Right now my wife is watching the Korean equivalent of American Idol, called Nanun Gasuda, or I’m A Singer. It has a few variations on the American version, most notably the startling fact that everyone on the show is Korean. At times it seems as if the Korean Wave is just American pop culture with an Asian face; one wonders how successful it would be if Asians actually had a place in American culture that went beyond darting over bamboo rooftops. Besides singing their hearts out, the singers also must occasionally endure bizarre gauntlet-like encounters in small rooms with various representatives of the country’s fast-talking comedians; the singers are also notable for not going totally overboard with plastic surgery, unlike almost every other celebrity in this country.
Although the show is entirely in Korean, A. just told me today that there are certain situations where she now feels uncomfortable speaking her first language—situations where no foreigners of any kind are involved. The statement astounds me. Although I’m officially an intermediate-level Korean student (and likely will remain so for several years), I can’t imagine preferring Korean, with its (alternately) slavishly deferential or imperiously high-browed verb conjugations, over nice democratic Shakespearean Queen’s English. That said, I still think it’s fun to speak, and doing so in front of other people rarely fails to impress them.
Now she’s shaking her butt and singing and checking on the baby, who has finally figured out how to sleep. What are these situations she spoke of? One involves posting videos on her blog, most of which concern different baby-related products, of interest to Korean mothers, who despite their Middle East-like status in this country still exert a considerable influence on most of its affairs.
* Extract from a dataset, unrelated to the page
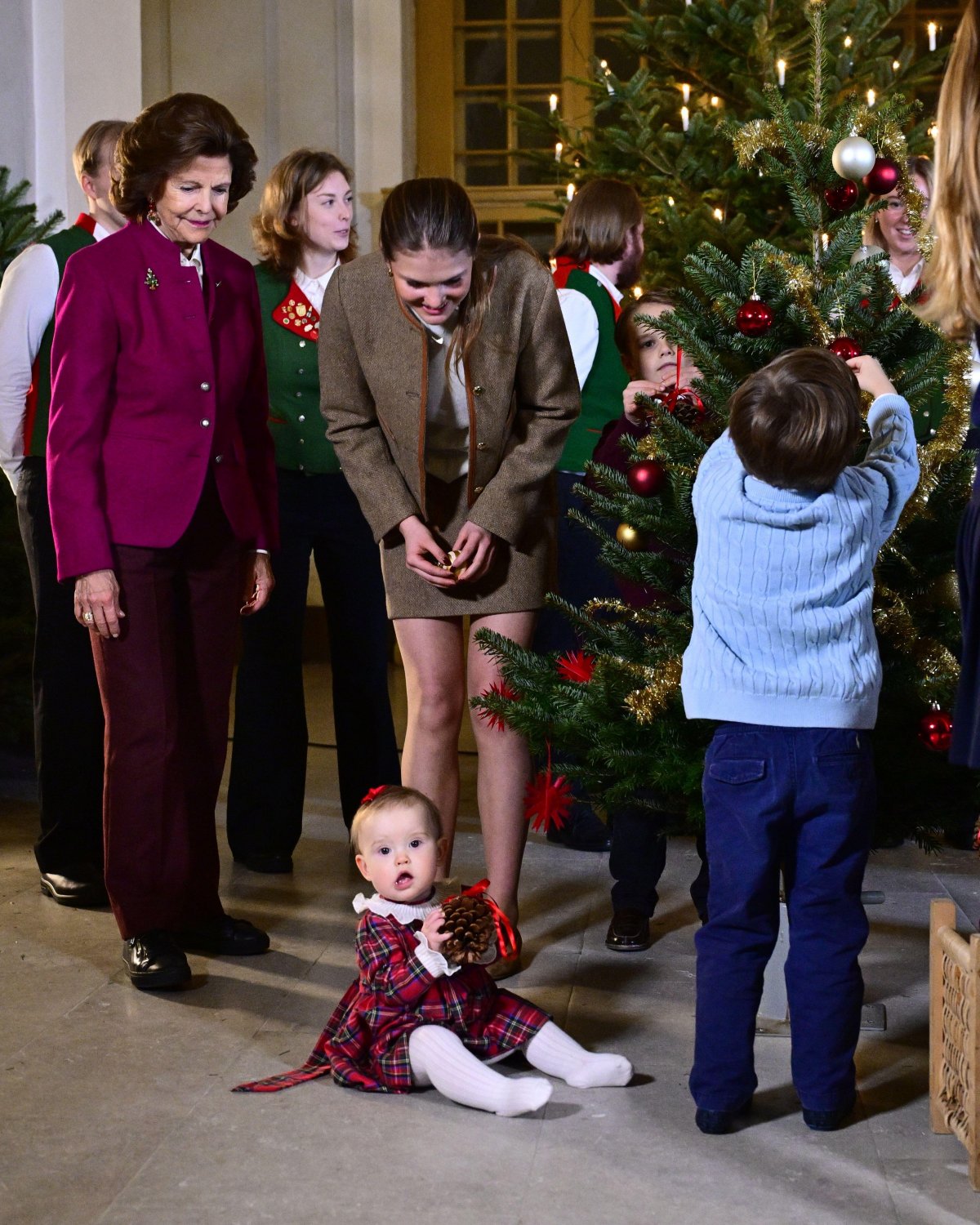 The Queen of Sweden and her grandchildren receive this year's Christmas trees at the Royal Palace in Stockholm on December 15, 2025 (Jonas Ekströmer/TT News Agency/Alamy)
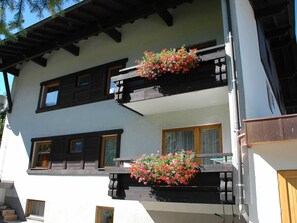 A two-story building with wooden balconies and flower boxes.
A. doesn’t want to speak Korean in these videos because she has a strong, folksy accent, and doesn’t sound as sophisticated as someone from Seoul—a Gyopo I knew told me that various Southern accents in America are a rough equivalent to the various Southern accents of Korea, and that, like in America, most people on television sound like they all come from the same place (Seoul for them, various cities for us). Her English is so good that she loses most of her accent when she switches over from Korean. In fact she once told me how she was once speaking English in some class after she got back to Korea from Australia, and everyone was really impressed with her, and then totally surprised when she changed tongues back to her twangy Korean drawl. You’d just as soon expect George W. Bush to start reciting the poetry of Chairman Mao—in Chinese.
There’s another situation as well. Both of us are tutoring a rather wonderful young student who, thanks to the incredible wealth of her parents, has studied English in the Philippines for six months and attained near fluency in an impossibly difficult foreign language before middle school. A. tutors this student entirely in English and never speaks to her in Korean; after several weeks of this she realized that she was uncomfortable doing so, and when I asked her why she said it did have something to do with the inherently hierarchical nature of Korean.
A. respects this girl, likes her, enjoys teaching her, and was intimidated by her achievements before she started tutoring her. It’s strange to switch from the relative mutual respect of English—which is hierarchical as well, but much more obsessed with accurately describing the timing of events—to Korean, where the difference in ages would force A. to assume the linguistic position of wise regal wizard of truth. Her student would likewise find herself reduced from a friend to an ignoramus. A. would talk down, and her student would talk up.
Both parties seem to prefer the difficulties of a second language to the (seemingly greater) difficulties of the first. I’ve never heard of this happening before between two people who could very easily slip back into the seeming comfort of the mother tongue they share.
Still, regardless of language, hierarchy is something that seems inevitable to human culture, or at least modern culture. You’ll never hear someone with a strong Southern accent delivering a news report on TV in America, and it will be years at least before American movies featuring Asians who are human beings rather than caricatures become the norm rather than the exception. Similarly, how long will Korea have to wait before its Captain Kirk / Uhura kiss on Nanun Gasuda?